In developing this new compression technology, Fujitsu focused on an important divergence in the way in which AI and humans recognize images. Namely, AI and humans tend to differ in the areas of the image that are emphasized as important for judgment when recognizing people, animals, or objects in video data. Fujitsu has developed a technology to automatically analyze the areas that AI values and to compress data to the minimum size that AI can recognize. This makes it possible to analyze a large amount of video data without compromising recognition accuracy, and at the same time significantly reduce operating and data transmission costs. It is also anticipated that the technology will allow users to analyze more advanced video data by combining multiple video data stored in the cloud, sensor data, and performance data such as sales data.
Background and Challenges
In recent years, technology for analyzing images using AI has been developing rapidly and is expected to be one of the driving forces for digital transformation in many companies in a variety of industries. With the advent of sophisticated 5G mobile services in 2020, demand for AI analysis is expected to increase even further, accompanied by the increasing use of ultra-high-definition 4K and 8K cameras and large amounts of video data for applications including behavioral analysis in the manufacturing and retail industries.

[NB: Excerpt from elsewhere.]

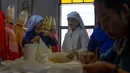 Penjahit menyelesaikan pembuatan jubah yang akan digunakan Paus Fransiskus saat mengunjungi Thailand, Bangkok, Jumat (8/11/2019). Jubah khusus yang akan dikenakan Paus Fransiskus terdiri dari dua set, emas-putih dan merah. (AP Photo/Gemunu Amarasinghe)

Despite this, the processing demands for deep learning techniques used for image analysis present considerable challenges. One effective technique for securing computing power to deal with these tasks is to process in conjunction with the cloud, but since video data is often very resource-intensive, there is a need for high-compression technology that can transmit all video data to the cloud without compromising quality so that network bandwidth does not become overburdened.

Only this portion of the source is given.